Below are records; print only the lines from the line containing "Black Shirt, Bright Smile" to the end, both included, reproduced exactly and without the pictures.

• Short web captions:
╔══

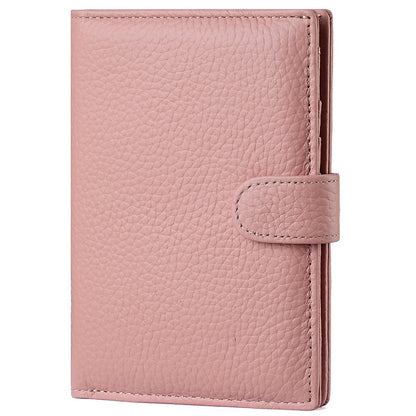 Pink Leather Passport Holder.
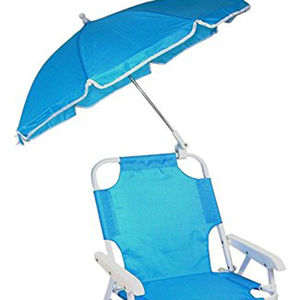 قابل للتعديل ماكياج كرسي كرسي تخييم قابل للطي مع ظلة التوأم كرسي الشاطئ - Product Image 2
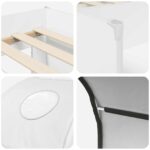 vidaXL Posteľ s Túnelom 4 pcs Biela Kompozitné drevo – Obrázok 9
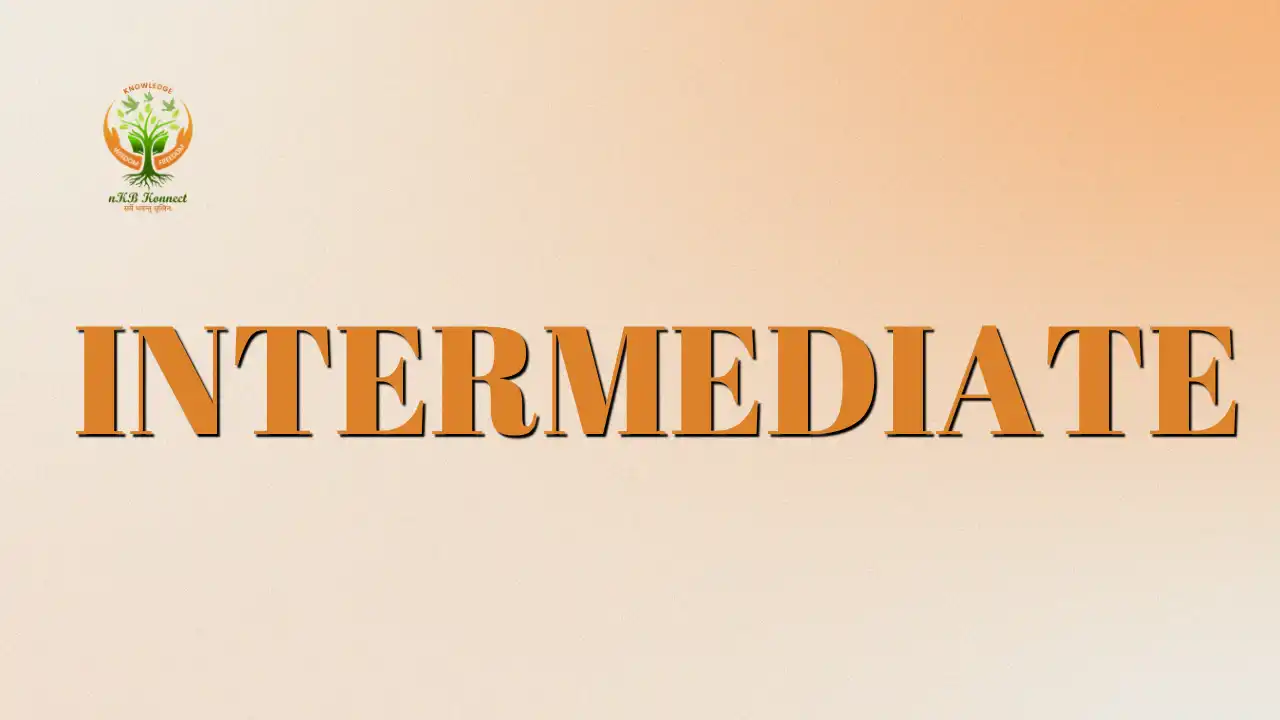 Capacity Building Intermediate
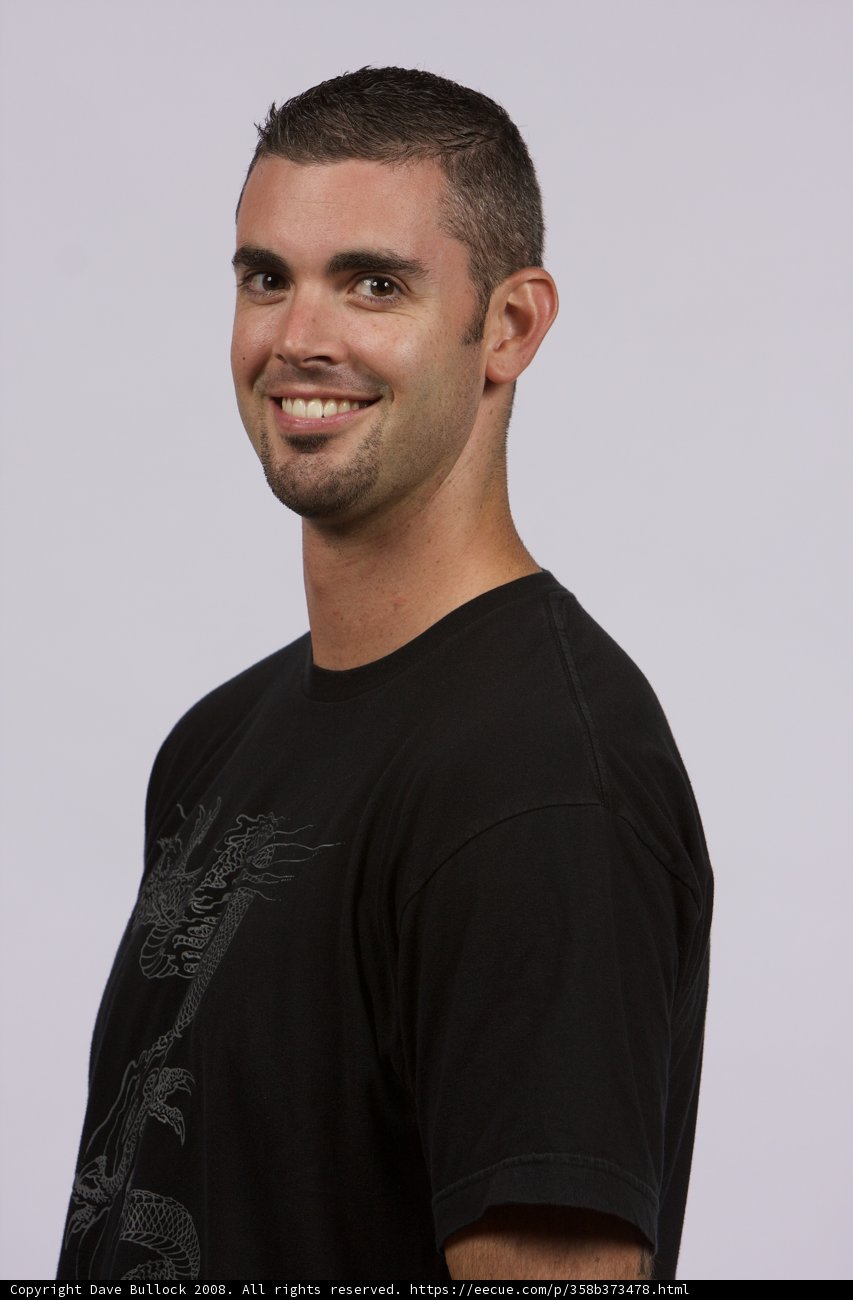 Black Shirt, Bright Smile
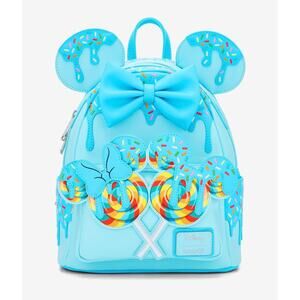 Loungefly Disney Minnie Mouse
Lollipop Blue Sprinkle Ears Mini Backpack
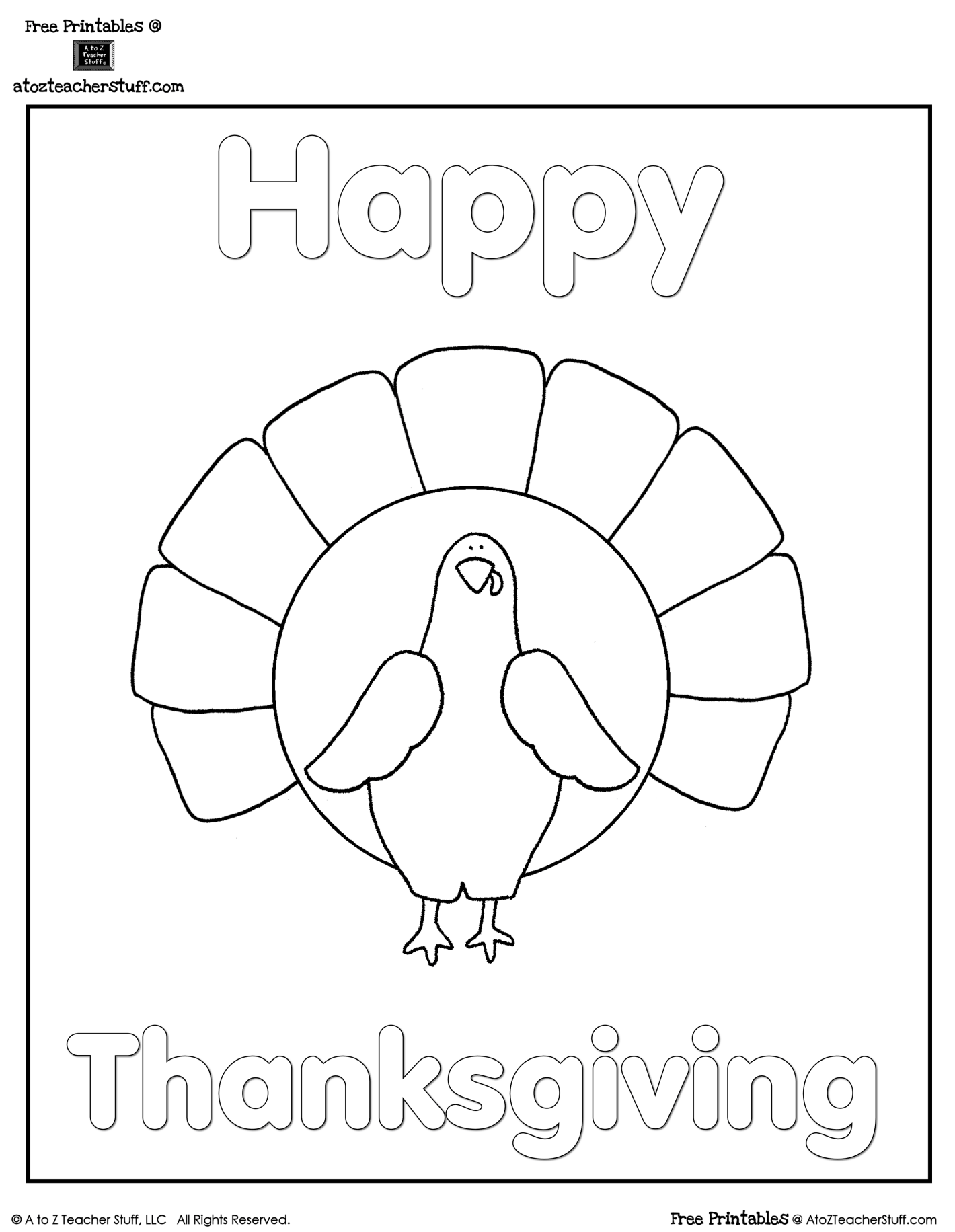 90 Printable Preschool Turkey Coloring Pages 49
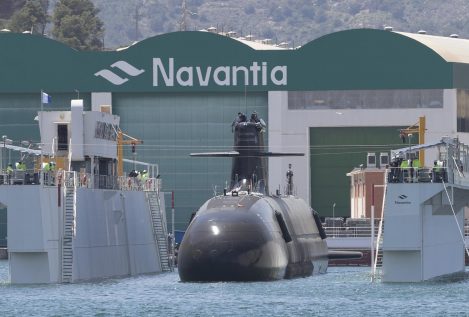 Navantia y Telefónica Tech instalarán un sistema de ciberseguridad reforzado en los submarinos S-80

╚══

• Reply to the task:
 Black Shirt, Bright Smile
 Loungefly Disney Minnie Mouse
Lollipop Blue Sprinkle Ears Mini Backpack
 90 Printable Preschool Turkey Coloring Pages 49
 Navantia y Telefónica Tech instalarán un sistema de ciberseguridad reforzado en los submarinos S-80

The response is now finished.